OBJECTIVE: To investigate cochlear implant performance outcomes among patients with Neurofibromatosis type 2 (NF2). STUDY
DESIGN: Retrospective case series, patient questionnaire, and systematic review of the literature.
SETTING: Tertiary academic referral center. PATIENTS: All patients with NF2 having an anatomically intact ipsilateral cochlear nerve who underwent cochlear implantation (CI). INTERVENTION(S): Cochlear implantation. MAIN OUTCOME MEASURES: Postimplantation audiometric performance and patient perceived benefit.
RESULTS: Ten patients met study criteria. The median duration of follow-up after CI was 42 months (mean, 46.9 mo; range, 12-97 mo). Five patients received previous microsurgical resection of their ipsilateral vestibular schwannoma, 4 underwent previous stereotactic radiosurgery, and 1 patient had no tumor treatment before CI. Nine subjects achieved sound awareness, 6 attained open-set speech recognition and 7 are daily users. Variables including prolonged auditory deprivation, cochlear ossification, unfavorable electrical promontory stimulation testing, and useful contralateral hearing were associated with poor cochlear implant performance. No statistical associations were found between open-set recognition capacity and previous tumor management strategy, surgical approach, or ipsilateral tumor size.
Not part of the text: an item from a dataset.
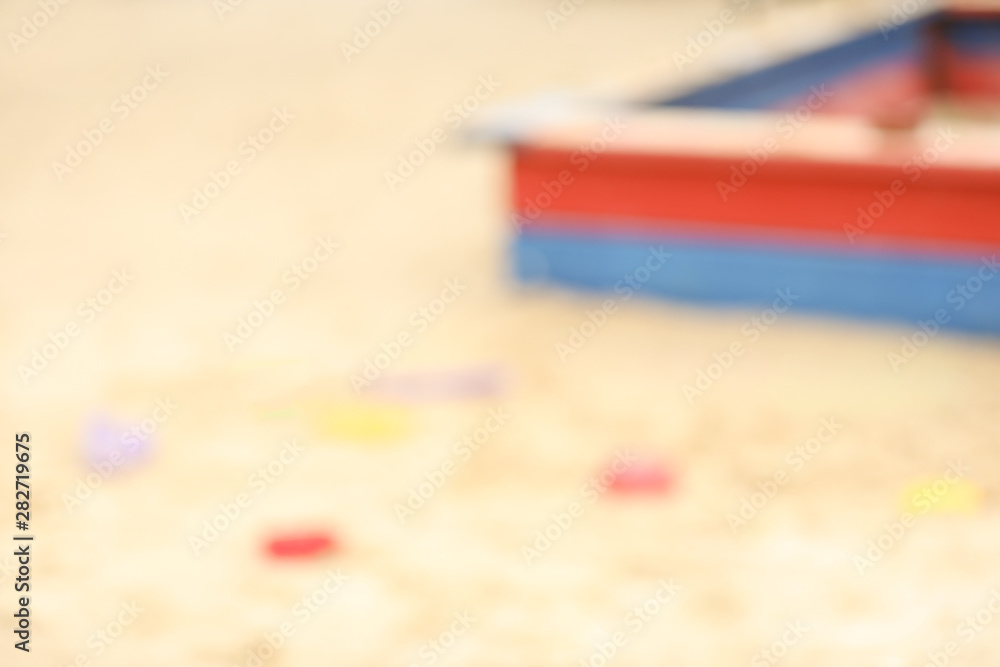 Blurred view on sandpit with toys outdoors Blurred view on sandpit with toys outdoors
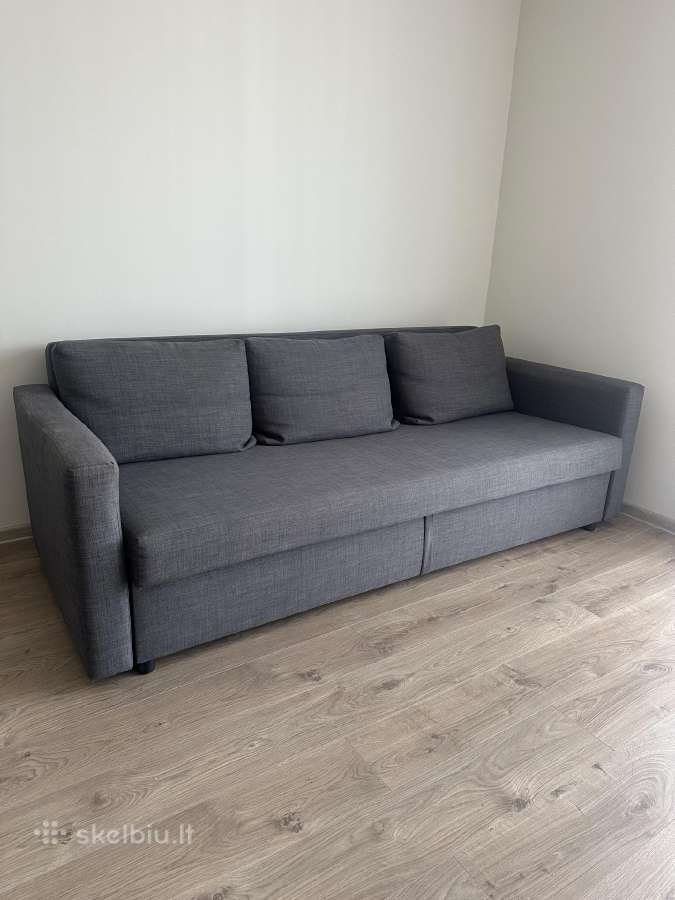 Pilka naudota sofa-lova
CONCLUSION: Cochlear implantation is an attractive alternative to auditory brainstem implantation for hearing rehabilitation in patients with NF2. Approximately 70% of patients achieve open-set speech discrimination, many scoring at the ceiling of audiometric testing. Given a favorable risk profile and superior audiometric outcomes, CI should be strongly considered in patients with nonserviceable hearing who have an anatomically intact cochlear nerve, whereas auditory brainstem implantation should be reserved for patients with evidence of cochlear nerve loss. Akin to conventional cochlear implant recipients, prolonged hearing loss, unfavorable electrophysiological testing, and cochlear ossification may predict poor subject performance. Finally, useful hearing in the contralateral ear may present a barrier to daily device use.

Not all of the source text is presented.